> Task goal:
Starting at the line that contains "Mango Event Washi" and stopping at the line that contains "8' Purple And", transcribe every line of the material below exactly; pictures stay out.
[Entries supplied — start]
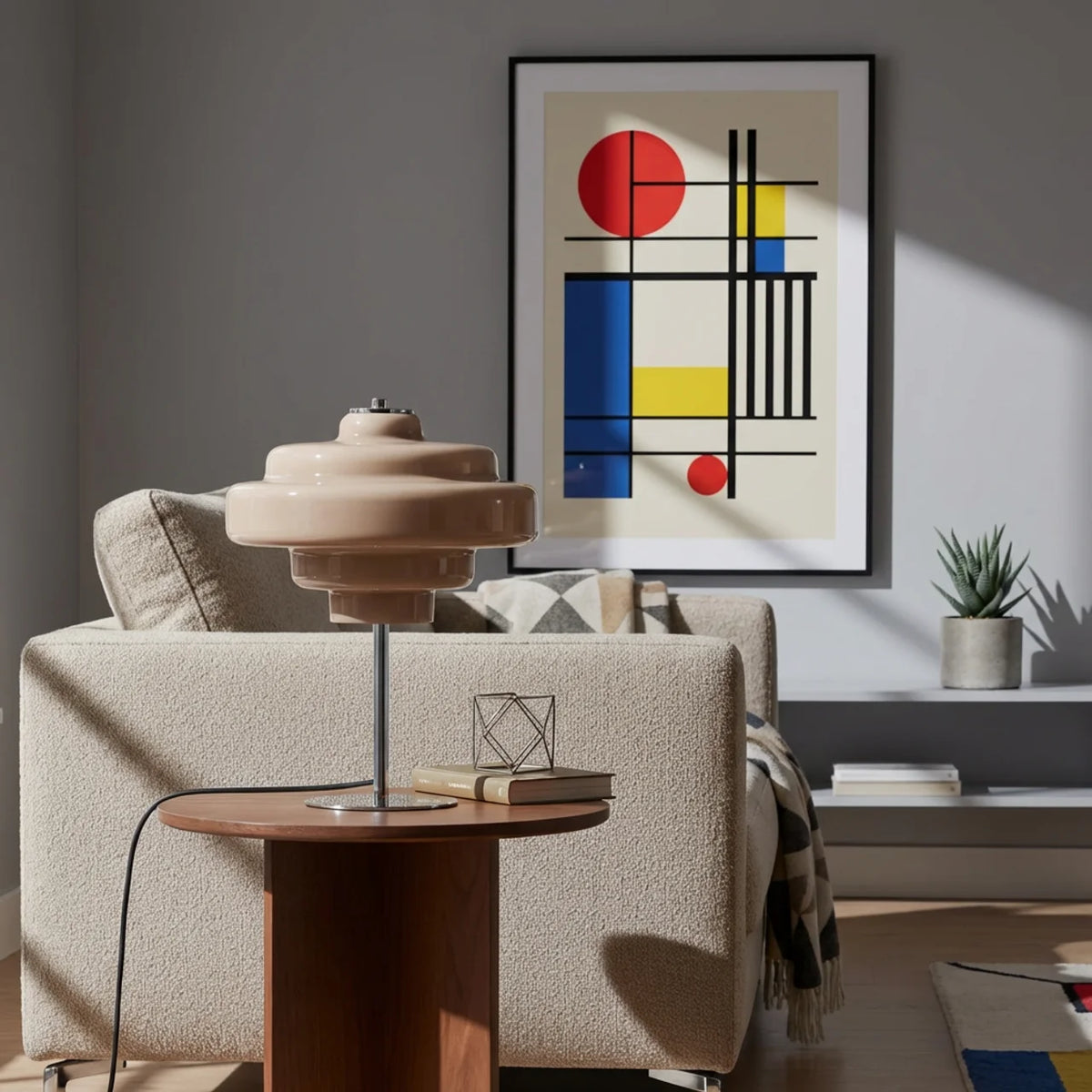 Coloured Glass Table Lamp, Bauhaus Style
[Entries supplied — finish]
[Entries supplied — start]
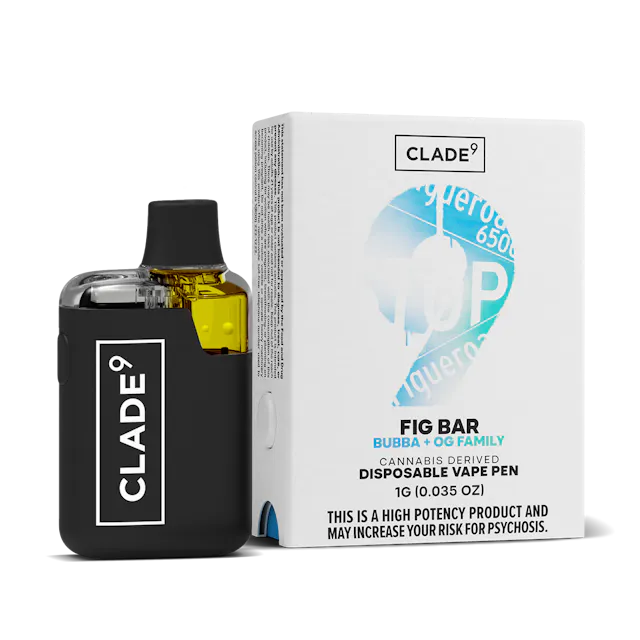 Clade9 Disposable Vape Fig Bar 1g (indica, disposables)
[Entries supplied — finish]
[Entries supplied — start]
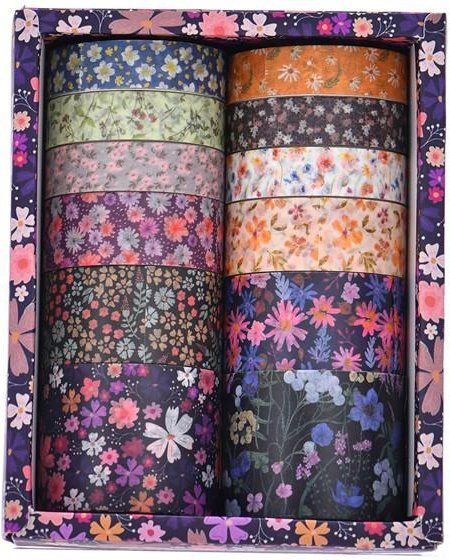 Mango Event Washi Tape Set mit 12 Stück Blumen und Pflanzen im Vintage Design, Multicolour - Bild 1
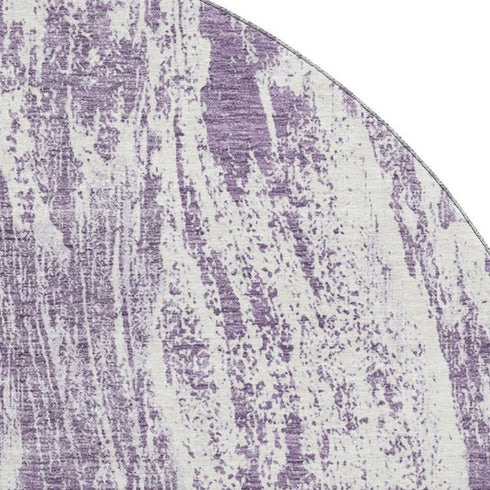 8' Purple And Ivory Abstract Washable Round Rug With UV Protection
[Entries supplied — finish]
> Completed exercise:
 Mango Event Washi Tape Set mit 12 Stück Blumen und Pflanzen im Vintage Design, Multicolour - Bild 1
 8' Purple And Ivory Abstract Washable Round Rug With UV Protection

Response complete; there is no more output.